Work task
Without including any pictures, copy every line below exactly.

----- Data shown

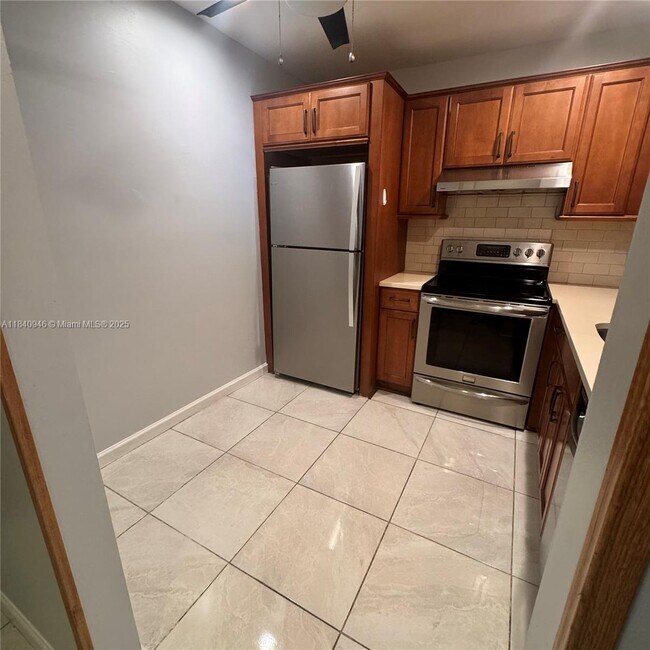Photo - 12035 NE 2nd Ave Unit A212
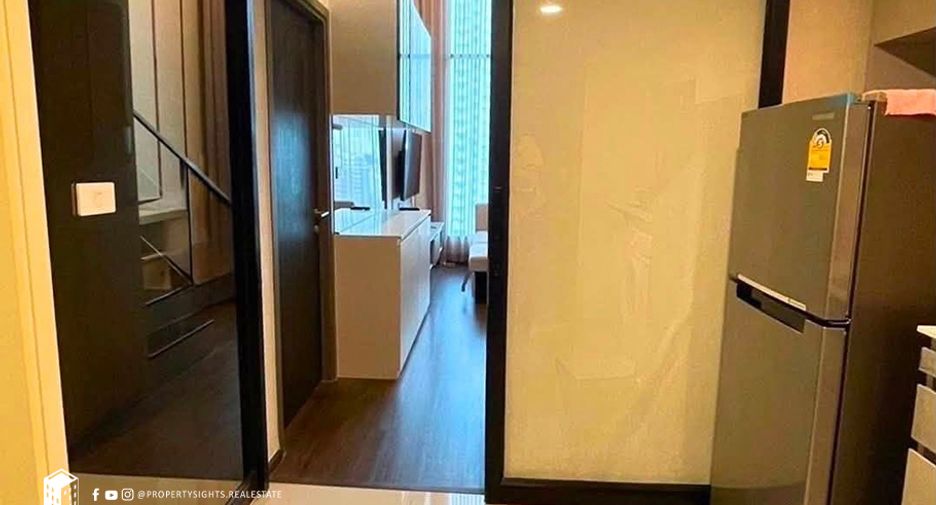 For rent 2 bedrooms condo in Ratchathewi, Bangkok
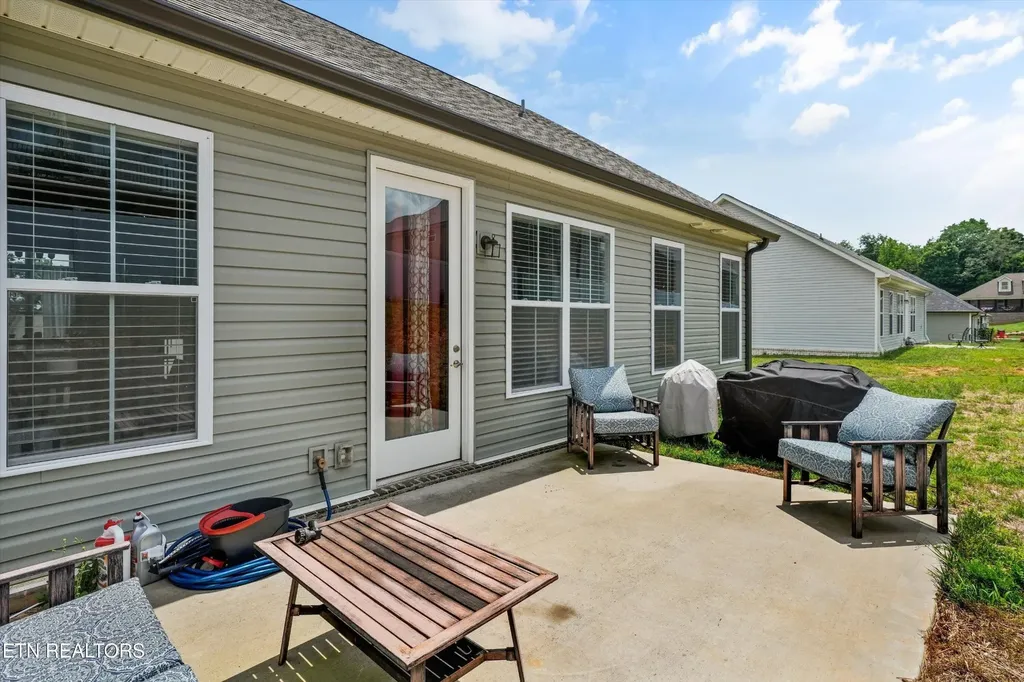 8121 Chapel Hill Lane Knoxville TN 37938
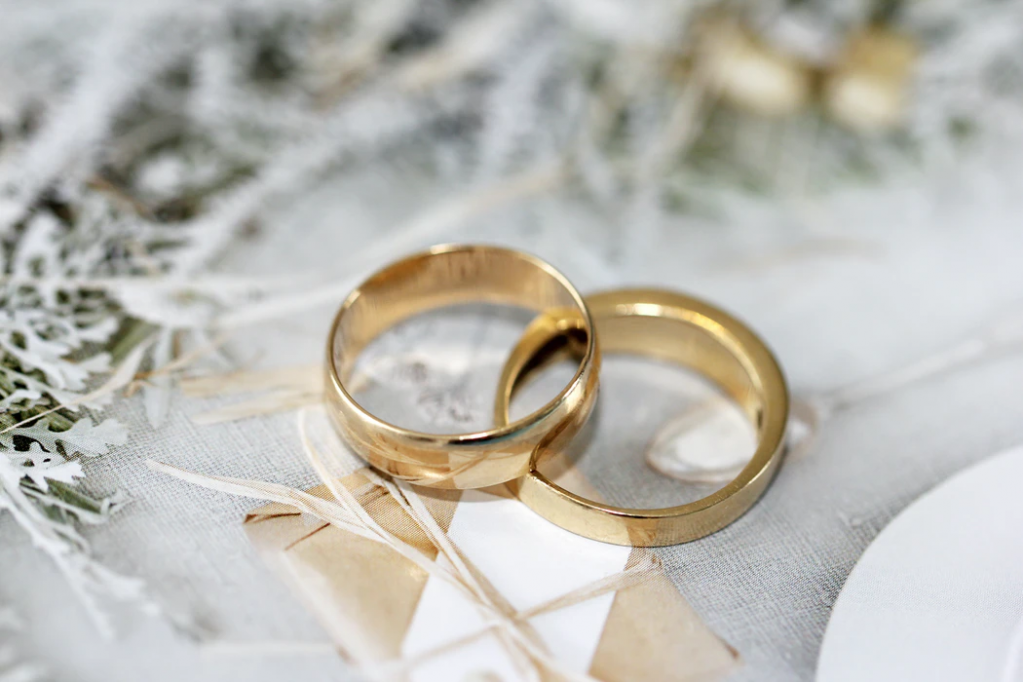Cum alegi verighetele de aur pentru nuntă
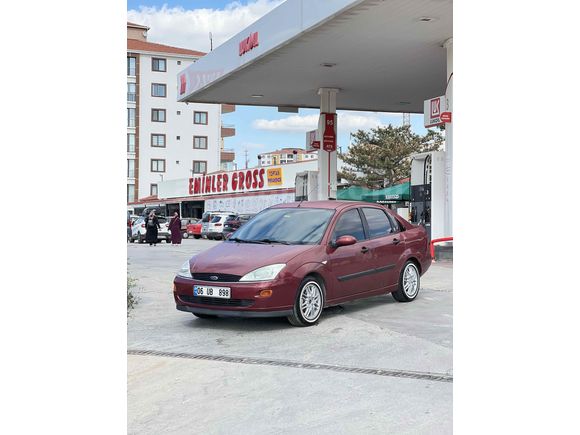 Sahibinden Ford Focus 1.6 Ghia 2000 Model 
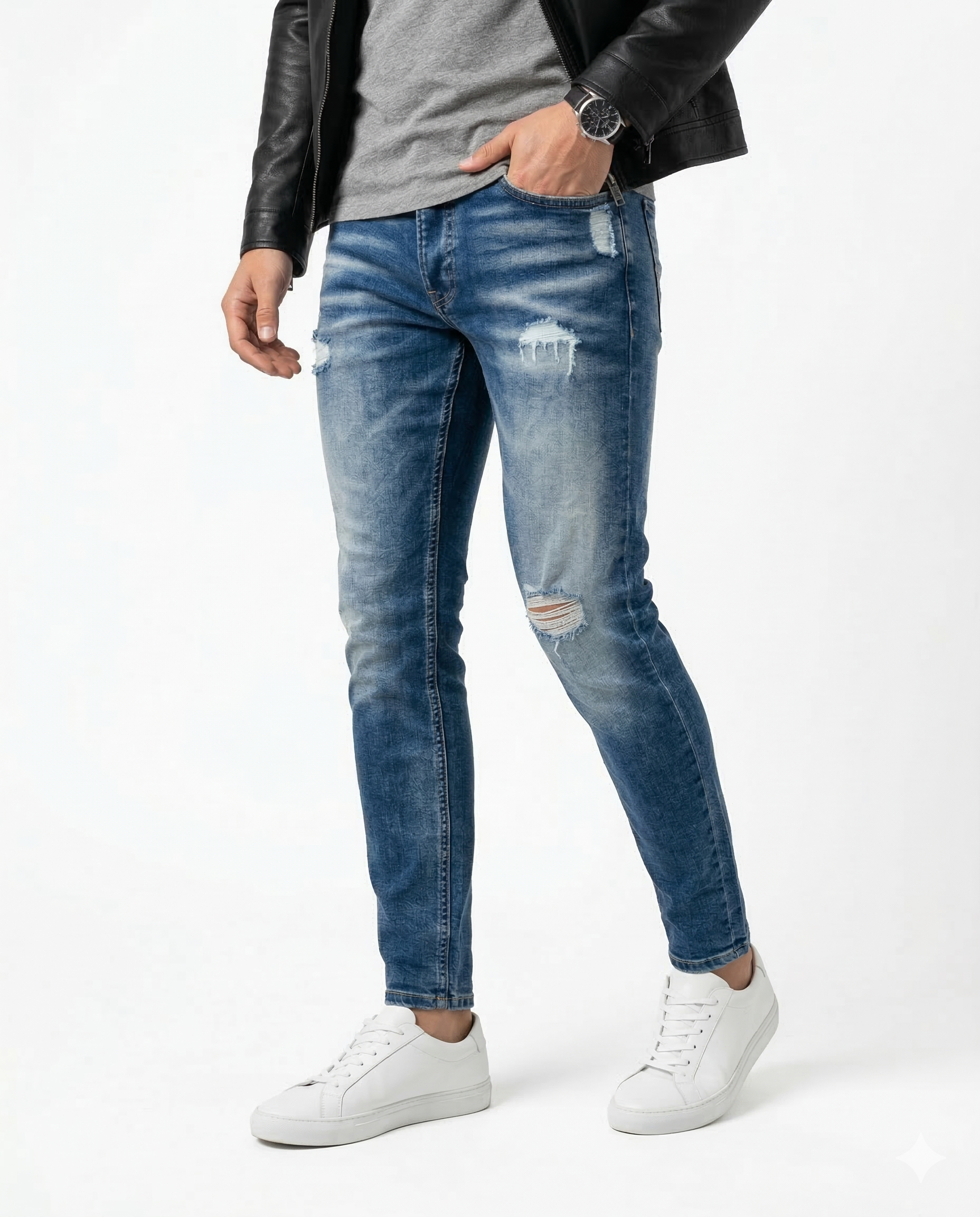 Мъжки сини вталени дънки (slim fit) с износен ефект и накъсвания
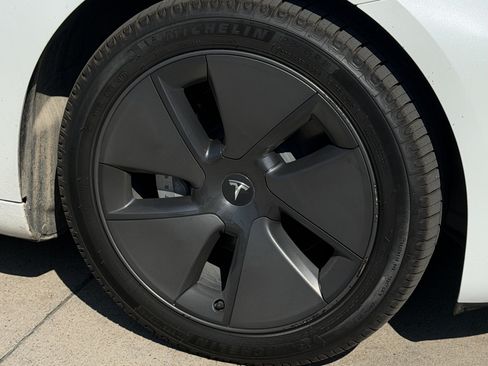 Used 2023 Tesla Model 3 Standard Range RWD image 10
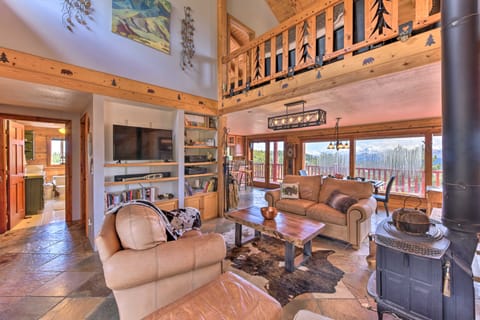 Secluded Cotopaxi Cabin w/ Panoramic Mtn Views House in Colorado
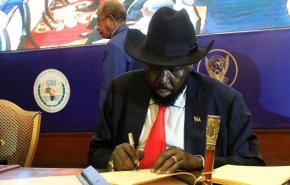 رئيس جنوب السودان يوقع اتفاق سلام مع المتمردين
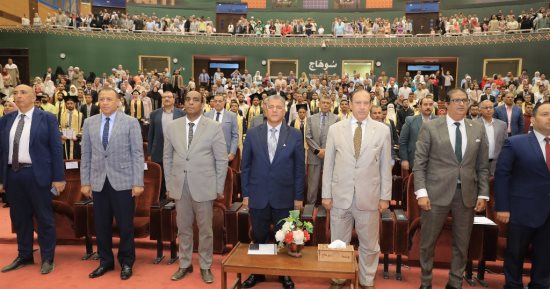 محافظ سوهاج يشهد حفل تخرج الدفعة الثانية عشرة لخريجى كلية لهندسة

----------

Result of the task
Photo - 12035 NE 2nd Ave Unit A212
 For rent 2 bedrooms condo in Ratchathewi, Bangkok
 8121 Chapel Hill Lane Knoxville TN 37938
Cum alegi verighetele de aur pentru nuntă
 Sahibinden Ford Focus 1.6 Ghia 2000 Model 
 Мъжки сини вталени дънки (slim fit) с износен ефект и накъсвания
 Used 2023 Tesla Model 3 Standard Range RWD image 10
 Secluded Cotopaxi Cabin w/ Panoramic Mtn Views House in Colorado
 رئيس جنوب السودان يوقع اتفاق سلام مع المتمردين
 محافظ سوهاج يشهد حفل تخرج الدفعة الثانية عشرة لخريجى كلية لهندسة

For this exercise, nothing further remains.